In 1996, a marine recovery team found the remains of a wrecked ship in an inlet on the coast of North Carolina. Since then, about a third of the wreckage has been excavated, yielding over 16,000 artifacts of British origin. The wreck has been identified as probably being the Queen Anne's Revenge, a pirate ship that scourged the coast of the southern colonies under the captaincy of Edward Thatch (sometimes given as Teach), better known as Blackbeard.
Blackbeard made his last stand off the coast of NC almost three hundred years ago. Despite the fact that Blackbeard had decided to accept a Royal pardon and retire, Governor Spotswood of Virginia sent two sloops out of his jurisdiction to hunt down the illustrious Captain Thatch.
Lieutenant Robert Maynard, in command of the mission, engaged Thatch near Beaufort Inlet. After a spirited exchange of insults and gunfire, Blackbeard and ten of his men threw grenades made of rum bottles full of gunpowder onto the deck of Maynard's sloop. After covering the deck with smoke and broken glass, they boarded.

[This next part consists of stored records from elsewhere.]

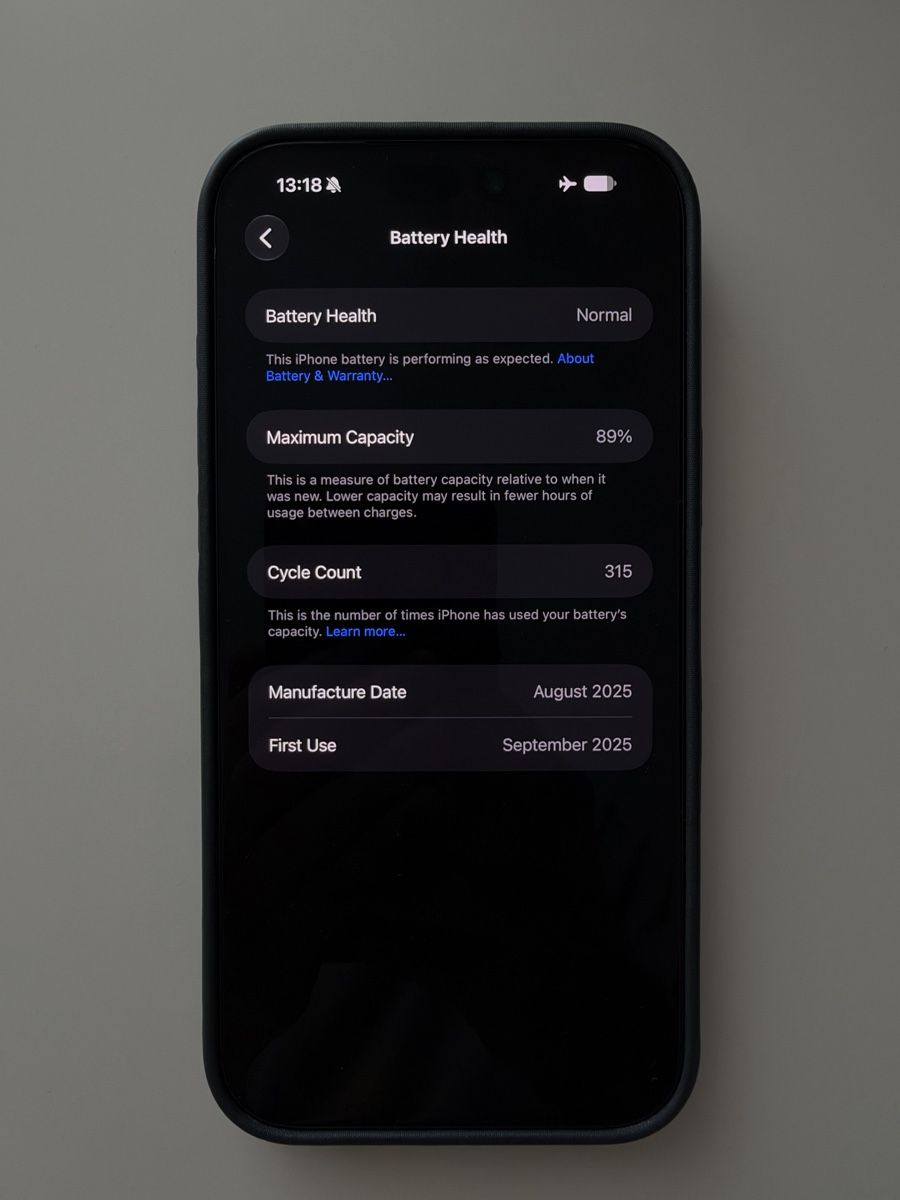 Apple Telefoni cellulari / Smartphones: iPhone 17 Pro Max 256GB Deep Blue – Usato da Le Grand-Saconnex venduto da bat_z7db 1
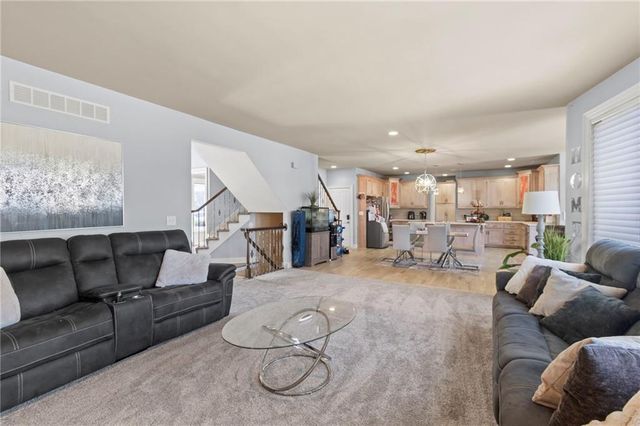 6304 N Kensington Court, Kansas City, MO 64119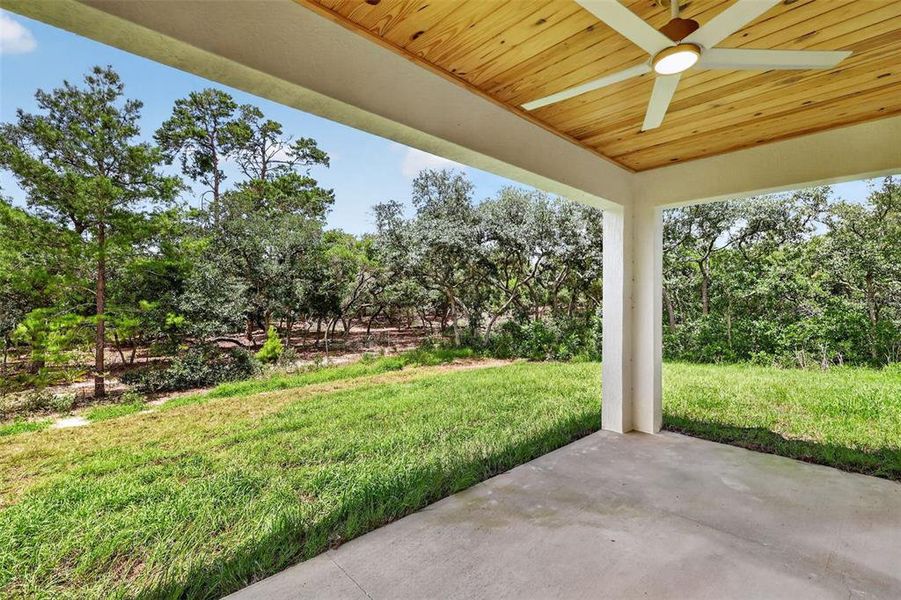 Exterior details and patio area of a home in , Ocala (Image 18).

They say Blackbeard was shot five times and stabbed close to twenty before he fell. Maynard cut off Thatch's head-- not only for a trophy, but also as proof to collect the bounty (a meagre £100). He hung the head from his bowsprit. That's the beam that juts out from the front of a wooden ship.
According to legend, Blackbeard's decapitated body was thrown overboard, where it swam around the sloop seven times before sinking. But the head was kept, this we know. And scholars suspect that we still have Blackbeard's actual skull.
This supposed skull of Blackbeard and many of the recovered artifacts from the supposed Queen Anne's Revenge will be on display at a grand exhibition of pirate history from antiquity to the present at the North Carolina Museum of History in Raleigh. The exhibit, entitled Knights of the Black Flag, opens tomorrow.